Towards Touch-Free Spaces: Sensors, Software and the Automatic Production of Shared Public Toilets by Martin Dodge and Rob Kitchin is an essential read for anyone interested in how software-enabled technologies have implications at various spatial levels. In this case, it's about touching things with hands (pressing of buttons, pulling of handles, flicking switches, twisting selector dials), a relevant situation to understand the "nature of the recent automatic production of touch-free spatiality".

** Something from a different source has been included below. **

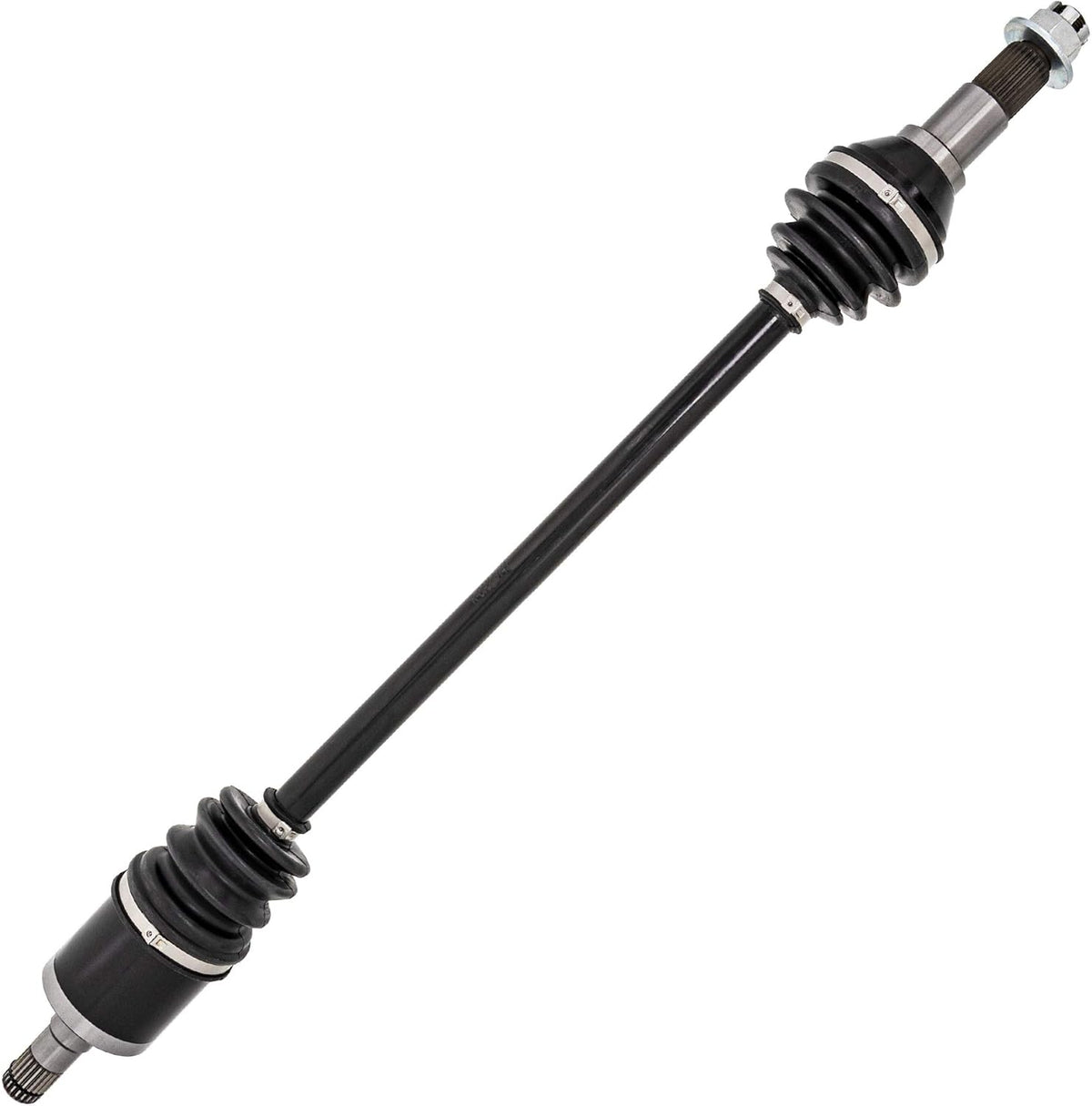 Front Left and Right CV Axle Driveshaft Assembly Kit for Can-Am Maverick Max 1000R W7341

(Toilet interface in Geneva)
Some excerpts that fascinated me:
"in spite of the hype and some potential benefits from touch-free technologies for enhanced convenience and hygiene, their real world implementation is always imperfect. The incomplete deployment of sensors and software across the sequence of activities (including opening doors) means that toileting as a whole can never be rendered fully touch-free and the bathroom fails to become a completely automated code/space. (...) Touch-free technology is almost always implemented partially, and also partial in different ways, which can make for user frustration as one is uncertain about how bits of an unfamiliar bathroom are meant to work: ‘so where do I wave my hands to get some soap?’. (...) The danger is then that toileting is set to become an over-determined activity. Attempting to make avowedly simple activities touch-free with digital sensors and software algorithms is simply unnecessary it could be argued, and an excess of automation in the bathroom could be critiqued as an example of disciplining the body through ‘technological paternalism’ "
Why do I blog this? Being interested in the usage of digital technologies in various places as well as the implications of automation, this is a good example of how to explore a specific locus of interaction.